Ex-Credit Suisse Banker Charged in Turkish Client Probe

  • Woman was boss of relationship manager already charged in 2016
  • Case focused on a Geneva firm managing money for wealthy Turks

Swiss prosecutors have charged a second former employee of Credit Suisse Group AG, widening a criminal investigation into a defunct Geneva-based asset manager that was handling money for the bank’s wealthy Turkish clients, according to people familiar with the case.

The woman, who can only be identified as R. under Swiss law, was charged with complicity in fraud and money laundering for having improperly authorized trade instructions from Geneva-based TG Investments in April 2014, said the people, who didn’t want to publicly discuss an investigation that is ongoing. She was charged for not stopping the trades despite inexplicable fluctuations in valuations, and by extension enabling the fraud, they said.

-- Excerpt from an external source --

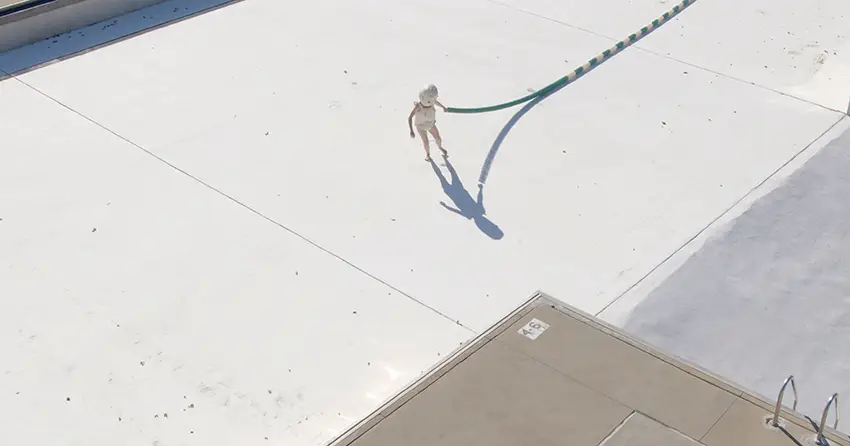 Artistic image of a lone body in the middle of an empty concrete area.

Geneva Prosecutor Johan Droz in December charged the two founding partners of TG Investments, who left Credit Suisse in 2008 to set up a firm to manage money for their rich Turkish customers, with fraud and criminal mismanagement for forging signatures and faking orders to try to cover losses of at least 150 million Swiss francs ($156 million). G., a Credit Suisse relationship manager who worked with TG Investment Partners to execute account transfers and was charged in December with complicity in fraud, reported to R., the people said.

The widening of the Turkish probe to a second, more senior Credit Suisse manager comes at an awkward time for the bank’s wealth management unit, as one of its former bankers is scheduled to face trial later this year on charges he forged trades to try to cover up losses for his Russian clients. That case, though unrelated, also took place in Geneva and involved a key emerging market where Credit Suisse CEO Tidjane Thiam is looking to expand in wealth management as returns from trading securities slow.

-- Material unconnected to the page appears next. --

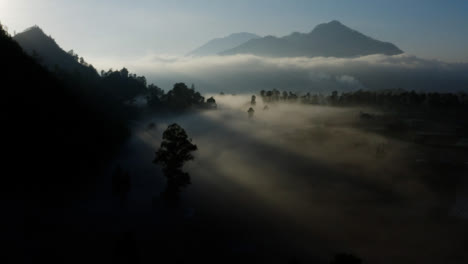 Drone-Shot-Pasando-Por-Debajo-De-La-Niebla-Que-Cuelga-Que-Rodea-El-Monte-Batur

R. was fired from the bank earlier this year, a person familiar with the situation said.

‘Hasty’

David Bitton, her lawyer, said the charges against R. are “hasty and contradict the facts” of the case. “My client never met the clients of TG, never met the TG partners and was not in charge of this relationship with Credit Suisse,” he said by telephone.

Saverio Lembo, a lawyer for G. who was suspended by the bank in 2015 and later fired, said his client “feels betrayed by the unsuspected and sophisticated fraud” by the two TG partners. G.’s role was at the lower end of the management chain with no decision-making power and his actions were within the law, Lembo said.

Gregoire Rey, a lawyer for one of the two TG partners who can only be identified as H., has acknowledged the trades but has previously said that his client never intended to profit from the transaction and was only doing it to cover the unexpected losses. Ilir Cenko, a lawyer for the second TG partner, was away and not immediately available to comment.

Single Individual

Droz said in an interview in March that it’s likely more Credit Suisse employees will be investigated. The Geneva prosecutor has also considered investigating the bank for money laundering, people familiar with the case said, though two of them have said that is unlikely. Under Swiss law, a bank can be found to have violated Switzerland’s anti-money-laundering law if a judge determines that it didn’t do enough to stop the transfers and that guilt cannot be attributed to a single individual.

“The criminal investigation is directed against representatives of TG Investment and two former Credit Suisse employees, and not against Credit Suisse,” the bank said in an emailed statement, adding that it “complies with all applicable laws and regulations in all countries in which it operates.”